Fifty years ago, this man was one of my best friends. I was working at a Western Auto in Lamont, right out of high school, and moving from Arroyo Grande to Lamont made me unhappy. I missed my hometown. I missed my friends. I missed my girlfriend.
Jorge saved me. We worked together at the Western Auto my father managed. That store stocked everything from bicycle derailleurs to Curtis-Mathes console televisions big as Orson Welles’ coffin and just as heavy, and Jorge, my co-worker,made me laugh. He taught me more Spanish, teased me, threw his arms up in the air when I mangled the language. When something needed to be done–moving a refrigerator, for example, from the store to somebody’s home, he’d put his arm around my shoulder and tell me, “okay, here’s the plan.”
Jorge and I ate together. I discovered chorizo-and-egg burritos because of him, and they so impressed me that included them as a detail in a book I wrote about World War II.
He was a superb golfer. Like another Texan, Lee Trevino, he’d learned to hit low smoking fairway shots beneath the wind. When he messed up a shot, he laughed. When I messed up a shot–usually, a suicidal duck hook–he laughed. He had a beautiful swing, I remember.
I learned how to drive a three on the tree, the delivery truck, from him, how to get a furniture dolly through narrow doorways, but, given my ADHD, I never did learn how to tie a grape knot.
Going into a Mexican-American home in Bakersfield to make a delivery was, for me, like entering another world where I felt completely safe.

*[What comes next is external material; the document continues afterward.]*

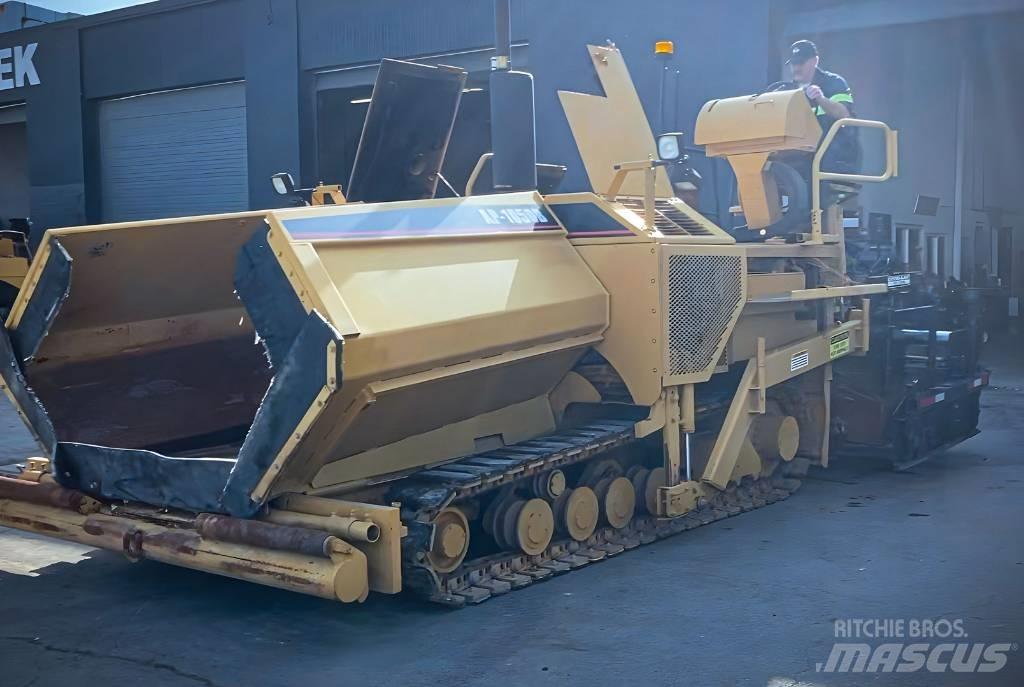CAT AP 1050 B Asfalt sericiler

The kids would be hopping up and down–a refrigerator!–and Grandfather would wave cheerily from his Western Auto recliner while the smells from the kitchen, thanks to Grandmother, were incomparable, chiles and onions and chicken or pork and fresh-baked tortillas. You could not leave without eating first.

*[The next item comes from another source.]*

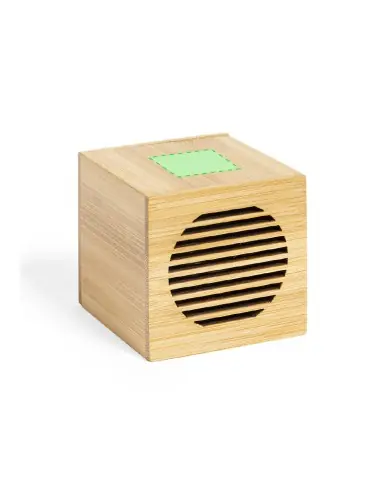 Altavoz Personalizado Ecológico 81143
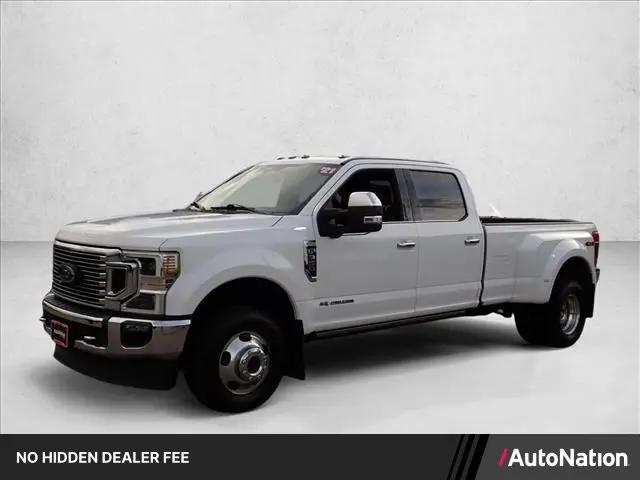 2021 Ford F-350 King Ranch for sale in Littleton, CO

There was always a dog, usually a shepherd mix, a statuette of Our Lady of Guadalupe, often with a votive candle, portraits of one or more Kennedys , and in heavy dark rose frames, sepia-toned portraits of los abuelos, the grandparents, on their wedding day. Grandfather was frequently in Army khakis, Grandmother’s face was framed in white lace. They looked serious.
Young men would be working on a car out front. Mom would be hanging laundry—it dries quickly in Bakersfield— on a line out back before she stopped to come in and greet us and her refrigerator (autumn gold or avocado or bronze; these were the seventies, after all).
Years after the seventies, I knew that Jorge had become a pastor but I did not know until tonight that he’d died.
I wish you could have seen him in between that army portrait and the photos of him as an older man. He was handsome, with a small Cantinflas mustache that twitched when he was about to laugh. Or when he was about to make me laugh.
Jorge Huerta Alanis, you were one of the great men of my life. So many of the photos posted by your family show you at table, surrounded by your children and grandchildren and by the food I can almost smell.
I cannot tell you how perfect those images are.